**Exercise prompt**
In the listing below, the answer starts at the line that has "Hello everyone. We" and stops after the line that has "And you can"; please repeat that part exactly and nothing more.

[[ Provided information open ]]

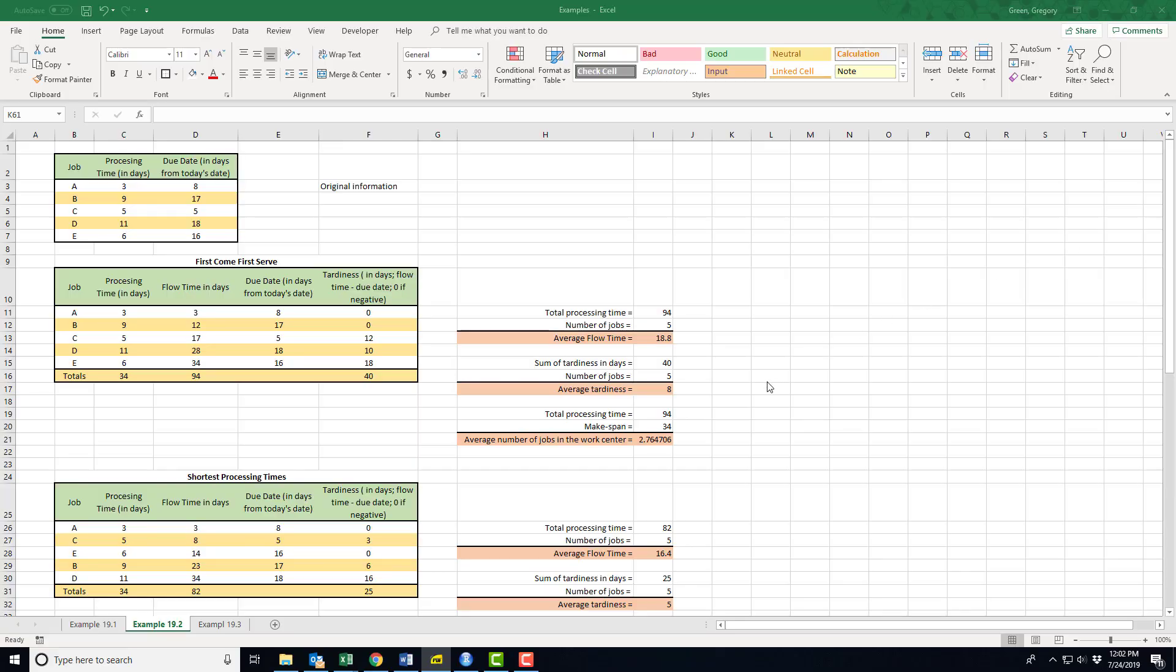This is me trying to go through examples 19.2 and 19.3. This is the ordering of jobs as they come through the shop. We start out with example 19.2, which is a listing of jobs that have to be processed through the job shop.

[[ Provided information closed ]]
[[ Provided information open ]]

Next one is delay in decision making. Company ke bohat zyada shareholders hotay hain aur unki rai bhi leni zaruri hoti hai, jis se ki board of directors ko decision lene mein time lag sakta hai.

[[ Provided information closed ]]
[[ Provided information open ]]

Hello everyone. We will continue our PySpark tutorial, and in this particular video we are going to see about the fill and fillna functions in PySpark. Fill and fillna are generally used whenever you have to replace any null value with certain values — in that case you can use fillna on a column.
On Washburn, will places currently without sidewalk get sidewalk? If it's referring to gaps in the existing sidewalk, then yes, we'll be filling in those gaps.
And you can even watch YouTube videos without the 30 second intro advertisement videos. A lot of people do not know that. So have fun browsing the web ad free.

[[ Provided information closed ]]

**Expected answer**
Hello everyone. We will continue our PySpark tutorial, and in this particular video we are going to see about the fill and fillna functions in PySpark. Fill and fillna are generally used whenever you have to replace any null value with certain values — in that case you can use fillna on a column.
On Washburn, will places currently without sidewalk get sidewalk? If it's referring to gaps in the existing sidewalk, then yes, we'll be filling in those gaps.
And you can even watch YouTube videos without the 30 second intro advertisement videos. A lot of people do not know that. So have fun browsing the web ad free.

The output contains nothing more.